Hi Andrea,
In fact, I have another major problem: when running on multi-GPU with PETSc my results are totally inconsistent compared to a single GPU .
This was a bug which was fixed a couple of days ago. It is in branch 'next', but not yet merged to master since it has another valgrind issue I haven't nailed down yet.
In my code, for now, I'm assuming a 1-1 correspondence between CPU and GPU: I run on 8 cores and 8 GPUs (4 K10). How can I enforce this in the PETSc solver? Is it automatically done or do I have to specify some options?
One MPI rank maps to one logical GPU. In your case, please run with 8 MPI ranks and distribute them equally over the nodes equipped with the GPUs.

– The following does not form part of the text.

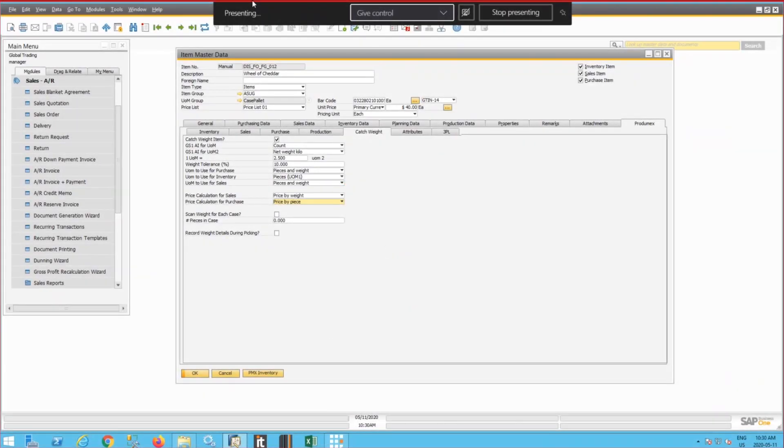Hello. Today we'll talk about the processing of catch weight items in SAP Prodomex WMS.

As for the preconditioners: We haven't added any new preconditioners recently. Preconditioning on GPUs is a very problem-specific thing due to the burden of PCI-Express latency. Massively parallel approaches such as Sparse Approximate Inverses perform well in terms of theoretical FLOP counts, but are poor in terms of convergence and pretty expensive in terms of memory when running many simultaneous factorizations. ILU on the GPU can be fast if you order the unknowns properly and have only few nonzeros per row, but it is not great in terms of convergence rate either. PCI-Express bandwidth and latency is really a problem here...
How large are your blocks when using a block-Jacobi preconditioner for your problem? In the order of 3x3 or (much) larger?
Best regards, Karli